After transformation, the altered cells are not left to grow
               randomly. They are nurtured in tissue culture systems—
               petri dishes or hydroponic gels enriched with growth
               hormones—where they regenerate into full, genetically
               modified plants. Alternatively, if the gene has been inserted
               into the germline, scientists can propagate whole new
               plants from modified seeds.

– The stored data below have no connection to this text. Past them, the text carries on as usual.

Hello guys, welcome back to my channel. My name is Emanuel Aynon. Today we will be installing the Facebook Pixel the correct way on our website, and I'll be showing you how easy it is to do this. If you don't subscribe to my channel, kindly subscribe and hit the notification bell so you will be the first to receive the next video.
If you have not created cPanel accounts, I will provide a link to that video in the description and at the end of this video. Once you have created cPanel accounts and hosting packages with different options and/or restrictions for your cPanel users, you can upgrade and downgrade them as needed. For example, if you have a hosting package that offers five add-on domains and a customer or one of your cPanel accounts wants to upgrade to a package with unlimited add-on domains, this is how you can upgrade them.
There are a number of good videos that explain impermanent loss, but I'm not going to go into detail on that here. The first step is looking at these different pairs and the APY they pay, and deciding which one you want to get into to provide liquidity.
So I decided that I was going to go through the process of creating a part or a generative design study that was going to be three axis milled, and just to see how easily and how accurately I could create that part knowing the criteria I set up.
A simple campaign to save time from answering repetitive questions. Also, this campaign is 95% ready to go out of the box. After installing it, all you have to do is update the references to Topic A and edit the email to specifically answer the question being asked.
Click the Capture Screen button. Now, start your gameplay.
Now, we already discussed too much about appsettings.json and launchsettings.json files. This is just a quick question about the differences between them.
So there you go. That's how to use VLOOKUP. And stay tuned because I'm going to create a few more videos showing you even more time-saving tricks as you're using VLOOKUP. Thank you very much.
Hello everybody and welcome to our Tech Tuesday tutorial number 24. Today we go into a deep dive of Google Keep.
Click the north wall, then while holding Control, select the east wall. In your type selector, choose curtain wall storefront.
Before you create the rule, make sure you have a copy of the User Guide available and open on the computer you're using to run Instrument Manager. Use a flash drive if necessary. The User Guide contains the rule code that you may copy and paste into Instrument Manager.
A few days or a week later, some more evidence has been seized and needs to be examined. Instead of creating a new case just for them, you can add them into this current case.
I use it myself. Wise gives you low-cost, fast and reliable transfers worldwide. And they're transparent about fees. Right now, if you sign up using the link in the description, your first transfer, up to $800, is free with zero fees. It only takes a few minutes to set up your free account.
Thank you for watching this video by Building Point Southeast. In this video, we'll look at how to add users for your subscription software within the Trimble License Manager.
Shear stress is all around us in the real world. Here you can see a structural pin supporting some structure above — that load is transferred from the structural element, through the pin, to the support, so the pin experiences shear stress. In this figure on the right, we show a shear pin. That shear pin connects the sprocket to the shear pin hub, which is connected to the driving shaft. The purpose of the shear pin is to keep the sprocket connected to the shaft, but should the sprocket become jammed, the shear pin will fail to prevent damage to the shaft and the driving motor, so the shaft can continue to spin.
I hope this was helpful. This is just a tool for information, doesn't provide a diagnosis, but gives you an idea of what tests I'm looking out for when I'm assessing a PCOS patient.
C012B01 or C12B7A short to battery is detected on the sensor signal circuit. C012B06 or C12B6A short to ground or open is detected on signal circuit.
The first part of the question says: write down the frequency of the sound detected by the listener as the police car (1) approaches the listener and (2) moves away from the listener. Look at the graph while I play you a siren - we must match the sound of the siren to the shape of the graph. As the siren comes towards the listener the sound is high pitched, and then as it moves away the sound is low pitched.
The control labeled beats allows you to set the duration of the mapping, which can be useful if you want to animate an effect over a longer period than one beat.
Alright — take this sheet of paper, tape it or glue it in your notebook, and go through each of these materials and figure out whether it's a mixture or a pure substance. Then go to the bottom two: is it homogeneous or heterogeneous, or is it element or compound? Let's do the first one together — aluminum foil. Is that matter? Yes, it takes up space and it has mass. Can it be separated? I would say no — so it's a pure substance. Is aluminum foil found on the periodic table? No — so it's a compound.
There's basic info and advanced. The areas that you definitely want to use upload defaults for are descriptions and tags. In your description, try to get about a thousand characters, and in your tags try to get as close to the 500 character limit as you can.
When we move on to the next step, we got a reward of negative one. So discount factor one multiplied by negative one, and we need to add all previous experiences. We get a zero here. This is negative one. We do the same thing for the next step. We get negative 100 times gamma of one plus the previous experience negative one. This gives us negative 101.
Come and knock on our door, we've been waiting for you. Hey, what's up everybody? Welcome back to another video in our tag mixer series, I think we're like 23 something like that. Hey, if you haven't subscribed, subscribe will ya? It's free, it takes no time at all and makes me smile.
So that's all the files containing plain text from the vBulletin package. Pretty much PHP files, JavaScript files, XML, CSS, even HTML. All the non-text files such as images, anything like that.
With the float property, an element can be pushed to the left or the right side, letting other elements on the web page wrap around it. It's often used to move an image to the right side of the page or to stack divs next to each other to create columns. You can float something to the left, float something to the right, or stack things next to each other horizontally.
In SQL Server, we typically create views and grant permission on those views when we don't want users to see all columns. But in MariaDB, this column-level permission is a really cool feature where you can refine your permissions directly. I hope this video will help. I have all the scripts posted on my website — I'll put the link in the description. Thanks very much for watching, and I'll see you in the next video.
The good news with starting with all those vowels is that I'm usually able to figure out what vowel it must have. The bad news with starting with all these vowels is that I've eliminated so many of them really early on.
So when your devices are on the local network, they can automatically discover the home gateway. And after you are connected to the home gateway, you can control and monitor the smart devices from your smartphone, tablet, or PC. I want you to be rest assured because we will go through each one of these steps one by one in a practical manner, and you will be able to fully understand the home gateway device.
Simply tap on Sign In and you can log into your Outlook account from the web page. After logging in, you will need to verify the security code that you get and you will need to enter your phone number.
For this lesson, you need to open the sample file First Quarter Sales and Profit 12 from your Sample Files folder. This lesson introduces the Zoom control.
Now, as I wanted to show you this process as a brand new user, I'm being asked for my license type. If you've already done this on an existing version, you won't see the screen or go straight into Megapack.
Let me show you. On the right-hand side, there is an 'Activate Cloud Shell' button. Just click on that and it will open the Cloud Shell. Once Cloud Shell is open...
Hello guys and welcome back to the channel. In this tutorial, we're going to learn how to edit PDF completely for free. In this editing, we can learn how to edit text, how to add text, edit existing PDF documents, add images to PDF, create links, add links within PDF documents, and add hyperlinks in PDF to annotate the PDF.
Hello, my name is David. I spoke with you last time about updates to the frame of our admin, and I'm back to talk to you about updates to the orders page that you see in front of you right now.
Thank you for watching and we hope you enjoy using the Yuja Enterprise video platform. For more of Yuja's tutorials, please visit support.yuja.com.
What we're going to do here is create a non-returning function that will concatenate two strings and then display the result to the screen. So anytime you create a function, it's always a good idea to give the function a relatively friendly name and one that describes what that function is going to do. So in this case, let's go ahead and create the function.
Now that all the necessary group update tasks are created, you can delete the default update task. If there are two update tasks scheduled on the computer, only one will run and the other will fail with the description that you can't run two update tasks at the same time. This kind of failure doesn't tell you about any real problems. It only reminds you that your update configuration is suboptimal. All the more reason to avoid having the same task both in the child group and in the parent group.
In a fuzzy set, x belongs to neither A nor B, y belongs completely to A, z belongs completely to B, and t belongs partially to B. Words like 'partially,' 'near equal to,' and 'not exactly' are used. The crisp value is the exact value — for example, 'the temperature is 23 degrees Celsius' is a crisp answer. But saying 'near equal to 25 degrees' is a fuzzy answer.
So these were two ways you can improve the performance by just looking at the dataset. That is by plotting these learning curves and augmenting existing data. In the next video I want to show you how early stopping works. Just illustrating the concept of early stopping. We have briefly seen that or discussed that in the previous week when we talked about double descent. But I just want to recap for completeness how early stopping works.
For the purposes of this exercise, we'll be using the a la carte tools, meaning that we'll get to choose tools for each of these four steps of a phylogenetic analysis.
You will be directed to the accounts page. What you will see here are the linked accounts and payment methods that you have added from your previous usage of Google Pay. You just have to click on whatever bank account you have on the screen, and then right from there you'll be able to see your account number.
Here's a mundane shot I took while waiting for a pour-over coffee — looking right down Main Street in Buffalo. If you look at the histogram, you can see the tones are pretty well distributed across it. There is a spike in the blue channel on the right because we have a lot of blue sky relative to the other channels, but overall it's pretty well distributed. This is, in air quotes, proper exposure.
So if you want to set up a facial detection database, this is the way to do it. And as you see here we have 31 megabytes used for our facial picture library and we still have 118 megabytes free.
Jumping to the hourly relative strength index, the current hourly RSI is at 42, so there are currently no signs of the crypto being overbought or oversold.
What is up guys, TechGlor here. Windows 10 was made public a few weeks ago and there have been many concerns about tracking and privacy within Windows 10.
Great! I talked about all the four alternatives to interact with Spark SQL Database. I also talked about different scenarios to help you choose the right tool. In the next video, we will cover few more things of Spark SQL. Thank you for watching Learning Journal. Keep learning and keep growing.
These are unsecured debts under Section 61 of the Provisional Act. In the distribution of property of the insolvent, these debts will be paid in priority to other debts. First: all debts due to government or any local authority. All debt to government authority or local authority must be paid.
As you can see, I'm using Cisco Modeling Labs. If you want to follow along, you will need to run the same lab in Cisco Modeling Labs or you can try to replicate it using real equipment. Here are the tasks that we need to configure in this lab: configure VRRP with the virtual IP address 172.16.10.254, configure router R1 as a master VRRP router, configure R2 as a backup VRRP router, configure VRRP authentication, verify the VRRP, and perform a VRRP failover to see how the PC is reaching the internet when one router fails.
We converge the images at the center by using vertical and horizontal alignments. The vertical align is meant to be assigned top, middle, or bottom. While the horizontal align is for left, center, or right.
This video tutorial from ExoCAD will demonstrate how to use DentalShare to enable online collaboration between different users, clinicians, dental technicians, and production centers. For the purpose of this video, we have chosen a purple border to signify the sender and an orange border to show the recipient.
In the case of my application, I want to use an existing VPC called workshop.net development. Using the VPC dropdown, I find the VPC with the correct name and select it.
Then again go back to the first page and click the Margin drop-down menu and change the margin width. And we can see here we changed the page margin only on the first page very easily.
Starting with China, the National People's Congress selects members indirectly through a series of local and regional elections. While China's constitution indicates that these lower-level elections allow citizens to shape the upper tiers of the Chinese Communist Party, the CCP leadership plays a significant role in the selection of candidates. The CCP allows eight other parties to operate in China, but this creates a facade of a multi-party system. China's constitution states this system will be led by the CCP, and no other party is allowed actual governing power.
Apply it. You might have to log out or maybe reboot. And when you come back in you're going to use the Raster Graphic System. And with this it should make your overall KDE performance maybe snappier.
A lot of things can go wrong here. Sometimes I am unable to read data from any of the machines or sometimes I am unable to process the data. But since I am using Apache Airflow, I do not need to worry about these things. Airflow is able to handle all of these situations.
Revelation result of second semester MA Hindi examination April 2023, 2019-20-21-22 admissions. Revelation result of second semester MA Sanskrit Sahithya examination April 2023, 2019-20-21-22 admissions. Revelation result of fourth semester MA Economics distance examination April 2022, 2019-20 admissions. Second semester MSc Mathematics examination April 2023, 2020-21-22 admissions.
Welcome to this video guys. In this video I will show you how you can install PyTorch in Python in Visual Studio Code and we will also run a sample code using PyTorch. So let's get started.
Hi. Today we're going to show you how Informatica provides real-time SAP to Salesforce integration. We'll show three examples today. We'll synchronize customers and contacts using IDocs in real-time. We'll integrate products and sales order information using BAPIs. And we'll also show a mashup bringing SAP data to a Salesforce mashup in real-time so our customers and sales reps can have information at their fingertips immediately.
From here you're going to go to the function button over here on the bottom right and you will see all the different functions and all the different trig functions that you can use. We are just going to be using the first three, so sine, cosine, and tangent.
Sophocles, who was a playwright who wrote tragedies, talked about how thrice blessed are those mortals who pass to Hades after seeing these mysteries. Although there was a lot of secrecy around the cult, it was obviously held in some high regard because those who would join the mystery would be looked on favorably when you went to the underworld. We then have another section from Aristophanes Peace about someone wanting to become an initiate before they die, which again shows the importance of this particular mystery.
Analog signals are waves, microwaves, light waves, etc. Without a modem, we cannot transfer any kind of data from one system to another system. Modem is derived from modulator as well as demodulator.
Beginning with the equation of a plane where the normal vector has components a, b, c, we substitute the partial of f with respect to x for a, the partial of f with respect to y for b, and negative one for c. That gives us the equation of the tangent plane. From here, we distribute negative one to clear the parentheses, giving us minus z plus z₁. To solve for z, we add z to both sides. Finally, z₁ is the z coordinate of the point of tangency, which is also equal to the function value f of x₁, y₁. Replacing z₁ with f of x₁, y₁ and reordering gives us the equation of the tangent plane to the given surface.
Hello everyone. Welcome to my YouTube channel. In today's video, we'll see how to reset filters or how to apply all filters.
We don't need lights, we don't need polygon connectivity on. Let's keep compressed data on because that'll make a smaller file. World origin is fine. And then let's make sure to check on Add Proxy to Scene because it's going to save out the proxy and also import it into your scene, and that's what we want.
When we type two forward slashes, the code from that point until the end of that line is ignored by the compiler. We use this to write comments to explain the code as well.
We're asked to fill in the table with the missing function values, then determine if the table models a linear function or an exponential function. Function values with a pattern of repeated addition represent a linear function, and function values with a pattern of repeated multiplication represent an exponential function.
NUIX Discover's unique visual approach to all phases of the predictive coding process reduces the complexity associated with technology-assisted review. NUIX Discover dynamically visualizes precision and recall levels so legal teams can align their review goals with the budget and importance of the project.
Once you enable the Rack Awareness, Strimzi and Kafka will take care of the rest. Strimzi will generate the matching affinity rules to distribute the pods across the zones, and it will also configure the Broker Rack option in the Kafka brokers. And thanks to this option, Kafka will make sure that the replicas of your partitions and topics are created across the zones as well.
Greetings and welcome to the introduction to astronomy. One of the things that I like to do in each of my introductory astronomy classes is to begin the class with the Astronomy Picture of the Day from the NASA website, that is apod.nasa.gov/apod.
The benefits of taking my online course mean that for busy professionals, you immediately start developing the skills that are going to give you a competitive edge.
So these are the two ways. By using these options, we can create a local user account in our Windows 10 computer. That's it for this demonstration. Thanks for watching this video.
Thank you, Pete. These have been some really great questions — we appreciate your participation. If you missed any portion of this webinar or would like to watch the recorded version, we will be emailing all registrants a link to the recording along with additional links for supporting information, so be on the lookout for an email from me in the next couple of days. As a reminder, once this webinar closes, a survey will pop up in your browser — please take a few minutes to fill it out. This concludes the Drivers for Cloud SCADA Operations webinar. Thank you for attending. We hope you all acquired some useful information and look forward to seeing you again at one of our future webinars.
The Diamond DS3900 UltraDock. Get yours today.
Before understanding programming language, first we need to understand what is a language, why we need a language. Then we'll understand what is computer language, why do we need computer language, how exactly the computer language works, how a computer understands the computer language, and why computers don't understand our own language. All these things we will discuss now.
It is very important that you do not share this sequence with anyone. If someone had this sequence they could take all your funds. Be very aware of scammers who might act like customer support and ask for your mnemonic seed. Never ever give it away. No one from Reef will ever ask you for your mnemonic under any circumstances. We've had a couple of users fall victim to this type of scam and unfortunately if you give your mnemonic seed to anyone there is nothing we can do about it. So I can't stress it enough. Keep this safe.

               From a few transformed cells, an entire population of
               protein-producing plants can be created—identical, stable,
               and ready to grow biopharmaceuticals leaf by leaf. It’s a
               process that combines microbial cunning, botanical
               regeneration, and genomic precision. Nature provides the
               mechanism. We provide the blueprint. And together, they
               grow the cure.


               Step 3: Expression and Accumulation

               Once inside the plant, the gene begins to do its work.
               Cellular machinery reads the DNA, transcribes it into RNA,
               and translates that into protein. Depending on the construct
               design, the protein may accumulate in the cytoplasm, be
               secreted into plant tissues, or even be stored in specific
               compartments like vacuoles for stability.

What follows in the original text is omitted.